But, as is often the case with the cheap shot, the author is the loser.
Those ignorant of the origins of such legendary figures as artist Rene Magritte, actress Audrey Hepburn and cyclist Eddie Mercx are to be pitied. To that list, add the millions unaware of the treasures of Belgium’s coast.
My three-day break to the northern region of Flanders takes in pretty seaside towns, chic cities with elegant restaurants and designer shops, rugged coastal scenery, and miles and miles of broad, sand beaches to rival Dorset’s own.
I stayed in De Haan, a pretty seaside town east of Ostend on the Belgian coast, just over an hour’s drive from Calais, and 40 minutes from Bruges.
It’s home to about 12,000 people, whose extraordinary civic pride has combined with rigorous planning control to preserve the town in its Belle Époque pomp, when the introduction of the tram sparked a rapid period of development in the late 1800s.
De Haan houses are uniform, without being monotonous. Terracotta-tiled roofs frame buildings of white plaster or bare brick, whose neat gardens are bordered by hedges limited to one metre in height. The attractive seafront features deep, white sand beaches that extend from a pretty flag-stoned promenade, and its easy proximity to a charming park, hotels, shops, and restaurants makes it an obvious choice for young families.
The tram is still a feature of life in De Haan, and its pretty, yellow-bricked station provides residents and tourists alike with a gateway to nearly 50 miles of Belgium’s coastline.
The Hotel Bonne Auberge is conveniently situated mere yards from the tram station, and a five-minute walk from the seafront.Owned by Joris Couwet, and his partner, Patricia, their boutique hotel is stylishly simple and full of considerate touches.
After a welcoming drink in the hotel’s library, the couple melt into the background, and for the rest of my stay I feel like a guest in the home of a considerate friend, rather than a name on a hotel register.
A tram journey away lies Knokke-Heist, or “Belgium’s Biarritz”, a chi-chi resort beloved of the country’s super-rich, and home to US Open tennis champion Kim Clijsters.
Its elegant shopping precincts host flagship stores for Louis Vuitton, Cartier, and Lacoste, and boast the highest concentration of Michelin-starred restaurants in Europe, with 21 stars in the 12 square miles of the city’s environs.
I dine on steak and frites at the upmarket Ruben’s, a simple meal elevated to fine dining by exquisite preparation.
Public art is a priority for the regional government, and the two giant orange figures of Joep van Lieshout’s “The First Meeting” form one of the city’s more arresting sights.
But despite the city’s air of exclusivity, hotel rates are reassuringly inclusive, starting at a bargain 75 euros a night.

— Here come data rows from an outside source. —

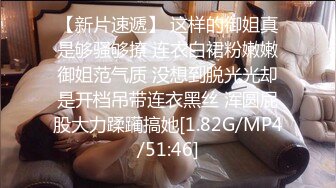 小美女完满露脸出租屋偷情，丝袜高跟做爱内射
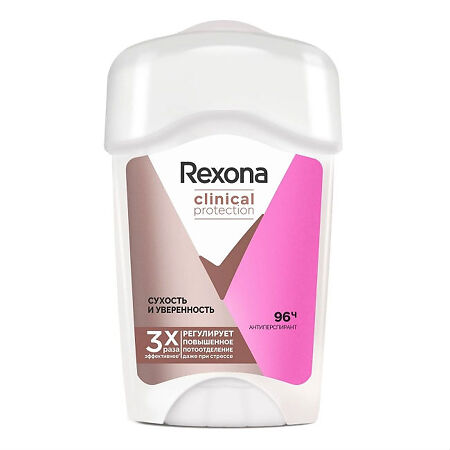 Rexona Clinical Protection Антиперспирант-крем сухость и уверенность 45 мл 1 шт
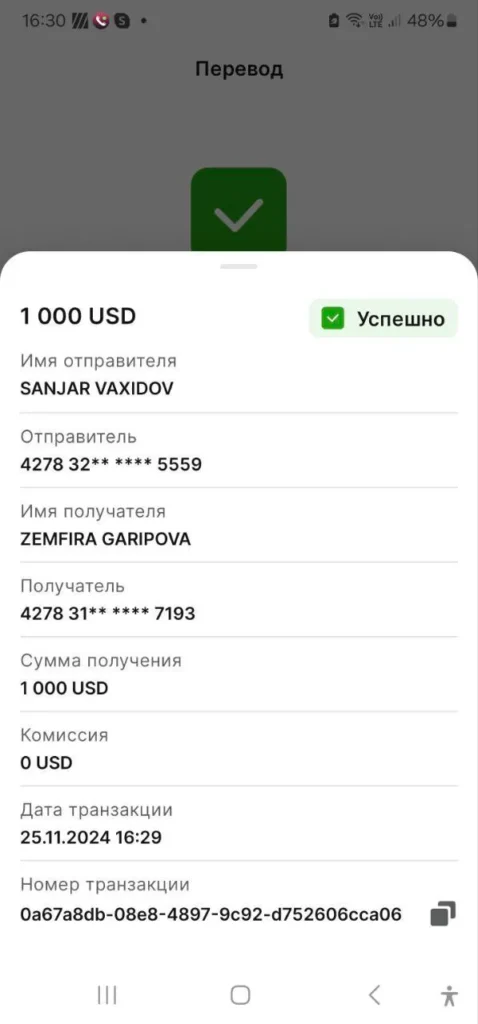 Потерял пенсионные накопления — 1,2 млн рублей Скрин 2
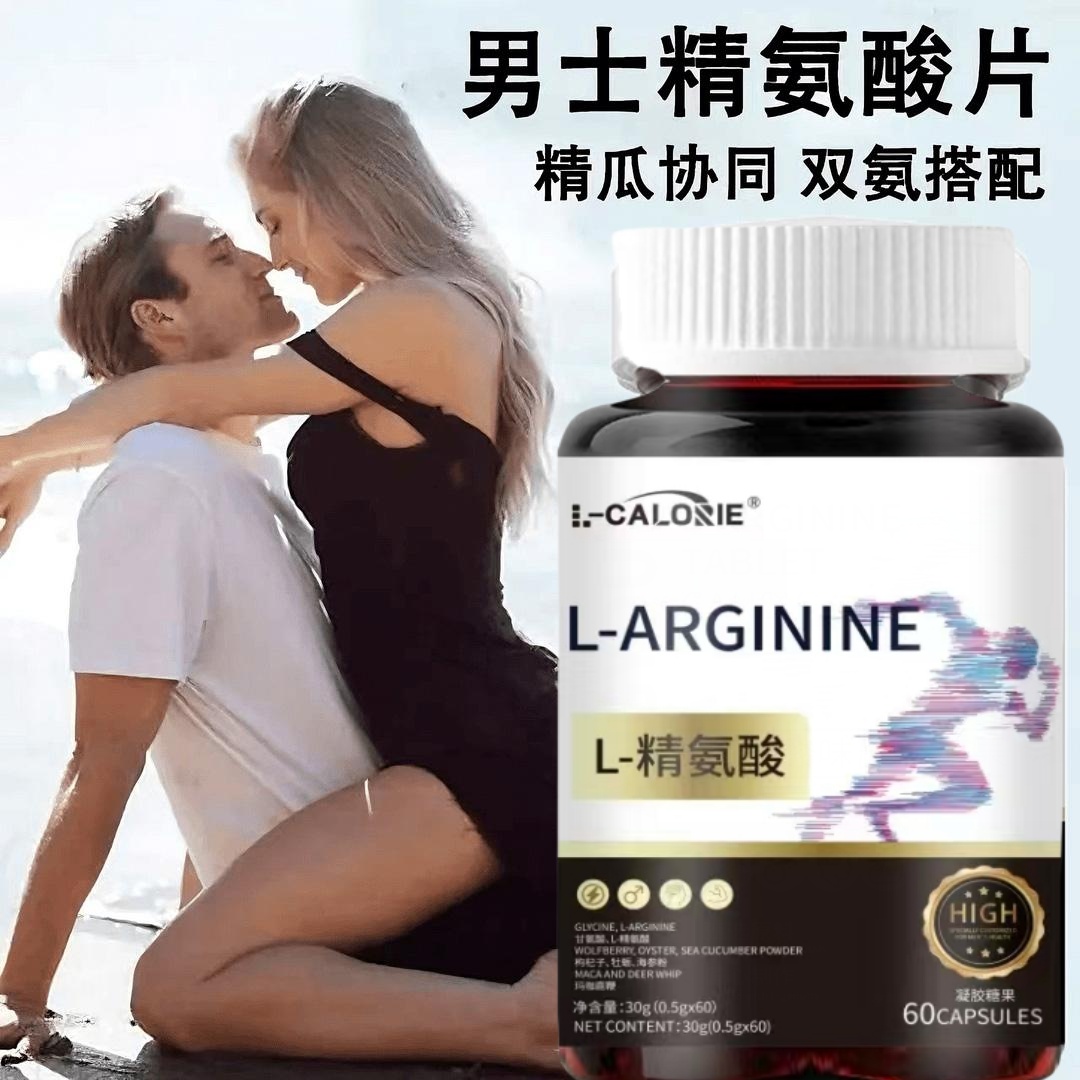 【星光村小飞】同款OXENERG有氧能量五合一精氨酸瓜氨酸胶囊60粒/瓶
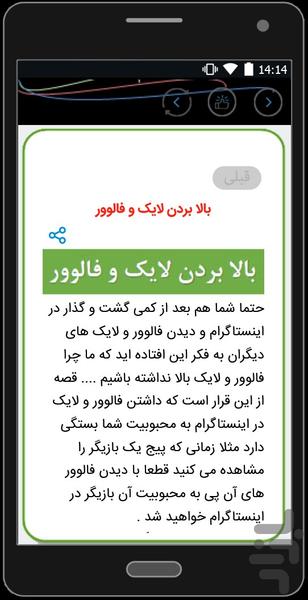 آموزش اینستاگرام - عکس برنامه موبایلی اندروید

A further surprise is the city’s rural fringe, which includes the Het Zwin nature reserve, a bird watcher’s paradise, and a ruggedly inspiring landscape of sand dunes shaped by saltwater tides for romantic couples eager for something more substantial than the city’s material attractions.

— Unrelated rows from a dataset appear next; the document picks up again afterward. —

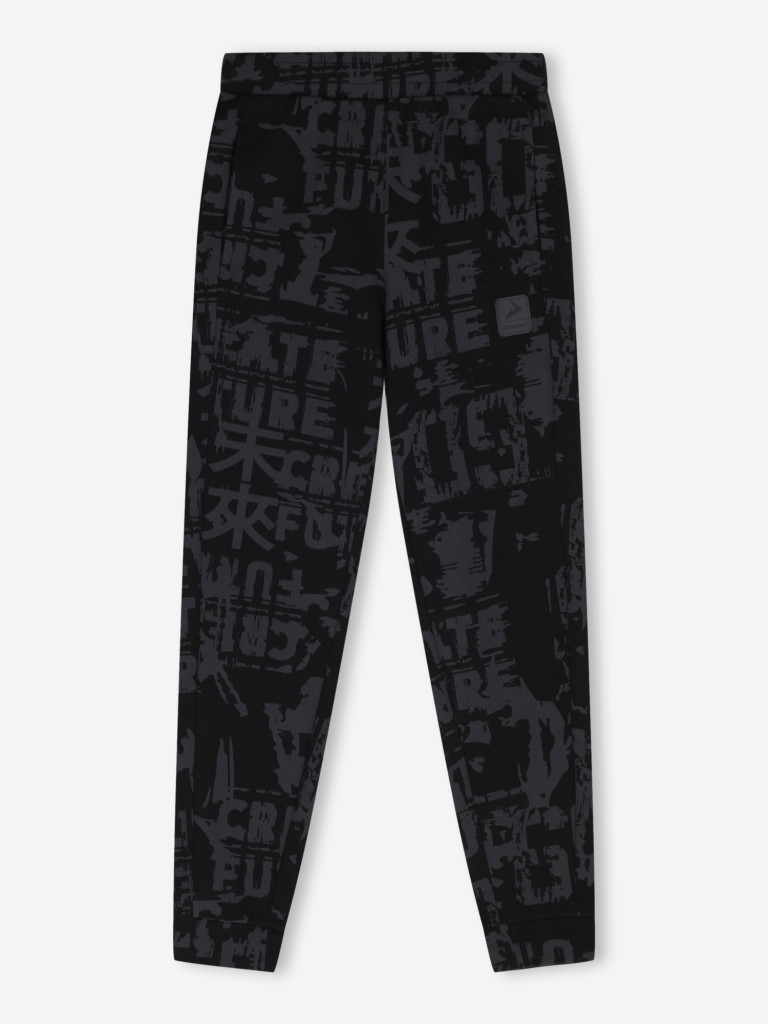 Брюки для мальчиков Demix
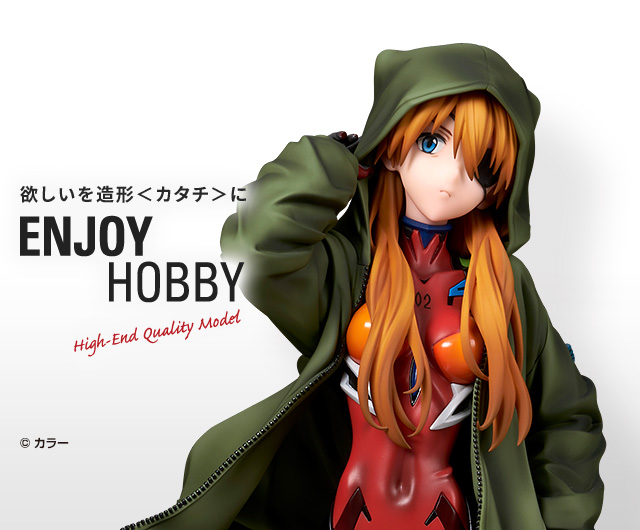 情報】ALTER《新世紀福音戰士新劇場版：終》明日香外套Ver. 1/7 開訂2F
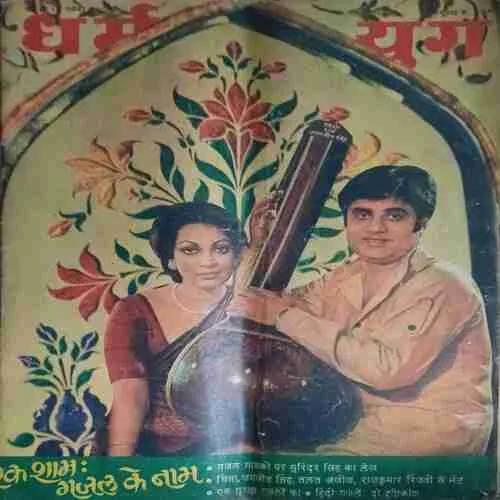 Dharm Yug ( 16 - 22 November 1980 ) ( cut on last cover ) ( big size Magazine )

Those seeking an insight into the rich heritage of Flanders’ extraordinary coast should visit the National Fisheries Museum in the coastal town of Oostduinkerke, one of the best I’ve visited.
The hard and often romanticised life of the fisherman is brilliantly explored through the exhibits, artefacts, photographic exhibitions, and the life-sized mannequins that dominate the museum’s refurbished exhibition space, which reopened to the public after four years in 2008.
Two giant 30,000-litre saltwater fish tanks contain some of the most mesmerising creatures I’ve seen – the spotted dog fish is a shark in miniature; the triangular Thornback Ray seems like a creature from another planet; and the iridescent orange and silver scales of the tub gurnard is enough to reduce fashion designers to tears of envy.
Ferry crossings from Dover to Calais are simple. I travelled as a foot passenger, arriving by rail from the new St Pancras International station on South Eastern’s Eurostar-like high-speed service.
Once aboard, P&O’s Club Lounge provides an affordable haven from screaming children and booze-cruisers at just 16 euros including a complimentary glass of champagne and a newspaper. A meal in Langan’s Brasserie is also recommended.